Cabinet Minister Government of Karnataka
- In office 27 May 2023 – 11 August 2025
- Chief Minister: Siddaramaiah
- Ministry and Departments: Co-operation (excluding Agricultural Marketing);

President of the Karnataka State Co-operative Apex Bank Ltd.
- In office October 2001 – April 2005
- Preceded by: Kotoji Rao
- Succeeded by: M. N. Rajendra Kumar
- In office 12 August 2015 – September 2020
- Preceded by: R. M. Manjunatha Gowda
- Succeeded by: S. Ziyaullah

Member of Karnataka Legislative Assembly
- Incumbent
- Assumed office May 2023
- Preceded by: M. V. Veerabhadraiah
- Constituency: Madhugiri
- In office 2013–2018
- Preceded by: Anitha Kumaraswamy
- Succeeded by: M. V. Veerabhadraiah
- Constituency: Madhugiri
- In office 2004–2007
- Preceded by: R. Narayana
- Succeeded by: Seat abolished
- Constituency: Bellavi

Personal details
- Born: 13 April 1951 (age 75)
- Party: Indian National Congress (1972–2004, 2007–present)
- Other political affiliations: Janata Dal (Secular) (2004–2007)
- Spouse: Shantala

= K. N. Rajanna =

Indian politician

Kyathasandra N. Rajanna (born 13 April 1951) is an Indian politician from the state of Karnataka. He served as Cabinet Minister for Cooperation in the Second Siddaramaiah Ministry until his sacking in August of 2025. He is member of Karnataka Legislative Assembly from Indian National Congress (INC) representing Madhugiri. Having begun his career in the cooperative sector, Rajanna has previously served as director of National Agricultural Cooperative Marketing Federation of India and president of the Karnataka State Co-operative Apex Bank Ltd. In August 2025, he was removed from the Karnataka state cabinet for criticising Rahul Gandhi’s “vote theft” allegation.

== Biography ==
Rajanna was involved in the cooperative sector since 1972. His public life began around the same period when he served as secretary of the Kyathasandra taluk unit of the Indian National Congress. In 1976, he was elected president of the nagar panchayat Kyathasandra, before heading INC's Youth Congress wing of the Tumkur district-unit between 1980 and 1984.

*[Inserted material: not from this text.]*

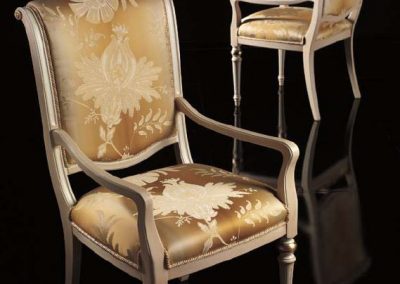 Klasikinė kėdė Mod. 1099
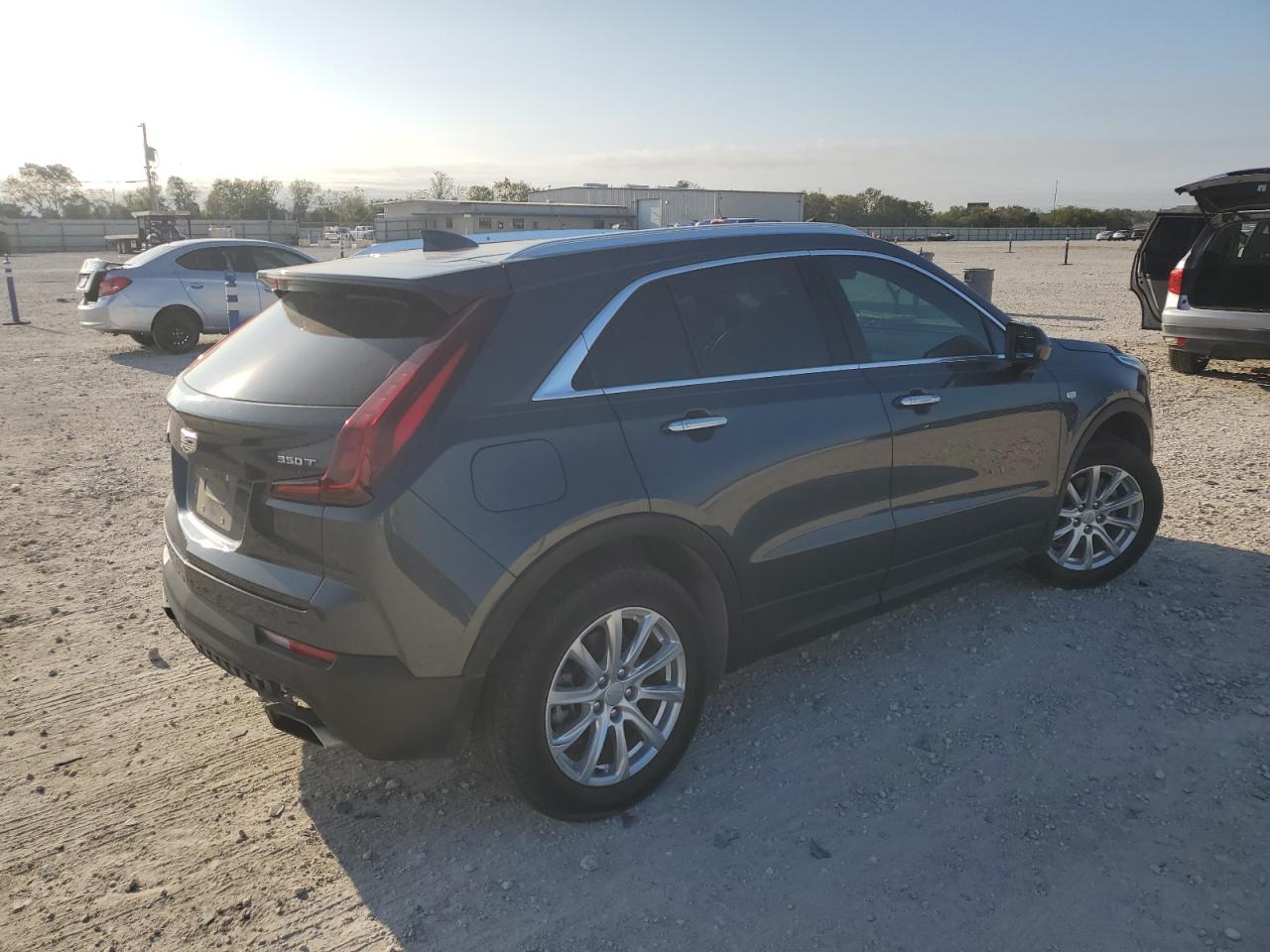 VIN 1GYFZBR43MF004722 2021 CADILLAC XT4 no.3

Rajanna was elected to the Karnataka Legislative Council in 1998 and completed the six-year term till 2004. After being denied an INC ticket to contest the 2004 Legislative Assembly election from Bellavi, Rajanna quit the party and joined the Janata Dal (Secular) (JD(S)), with whose ticket he successfully contested. Rajanna entered the assembly again in 2013, this time from Madhugiri, and again in 2023. He served two terms as president of the Karnataka State Co-operative Apex Bank Ltd., the first from 2001 to 2005, and the second from 2015 to 2020. In May 2023, he was appointed a cabinet minister, and was handed the Cooperation portfolio (excluding Agriculture Marketing).